Experimental results are summarized in Table 1 and typical load deflection curves are presented in Figure 4. All beams failed in shear prior to reaching their flexural capacity. The large beams without stirrups exhibited extremely brittle behaviour, failing at ratios of mid-span deflection to span of 1/750 or less. Failure was sudden and was preceded by relatively little cracking. The large beam with stirrups (SB-10- H-S) failed after a significant amount of cracking and deflection. Prior to failure, the failure shear crack reached a width of 4mm, and the Д/L ratio was 1/300. The use of minimum stirrups and additional longitudinal steel increased the shear capacity by 2.9 times over the equivalent specimen without stirrups, providing a dramatic and beneficial effect on the shear strength of the section. The small beams all exhibited slightly greater ductility. The small beam with stirrups was the most ductile of all the specimens with a Д/L ratio of 1/200. Like the equivalent large specimen, this beam was extensively cracked prior to failure. However, the use of minimum stirrups and additional longitudinal steel increased the shear capacity by only 1.8 times over the equivalent beam without stirrups. Thus, stirrups are far more effective for deep members than for shallow members.
The results shown in Figure 4 also indicate that the failure load generally increased for increasing aggregate size. The most likely explanation for this result is the increased surface roughness of the failure shear cracks caused by the larger aggregate. That is, failure was initiated at a higher shear stress in the
beams with large aggregate due to enhanced aggregate interlock capacity at the cracks. Note that Specimen SB-10-H-1, constructed with high-strength concrete, had the lowest peak load of all the large beams tested. This was due to reduced aggregate interlock caused by aggregate fracturing. In this case the effective aggregate size was 0mm.

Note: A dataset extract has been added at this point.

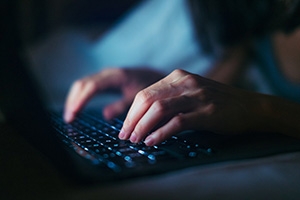 Hands on cybersecurity keyboard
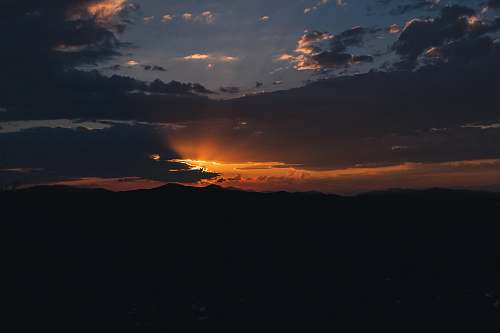 sunset silhouette of mountains sky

The typical progression of failure in a large beam without stirrups is illustrated in Figure 5. These photos are of the shear critical region on the east side of Specimen SB-40-N-1 and were taken with a high-speed digital camera. The cracks have been digitally enhanced for clarity. In Figure 5a, the progression of cracks at 98% of the peak load is shown, and it can be clearly seen that a dominant flexural-shear crack has formed. The cause of the size effect is clearly demonstrated, in that the average longitudinal spacing of the cracks increases from 150mm at the level of the steel to 900mm at the beam mid-depth. In order to maintain a linear strain profile, these cracks are wider near the beam mid-depth than they are at the level of the steel. As the load is increased to the peak load, the dominant flexural shear crack extends slightly (5b). After the peak load has been reached, the dominant shear crack extends towards the loading point and widens (5c, 5d). After the dominant crack extends towards the load point, it also extends back towards the support point (5e) due to dowel forces in the longitudinal steel. At final failure, shown in Figure 5f, the failure crack is very wide and the bottom cover has been ripped from the bottom steel.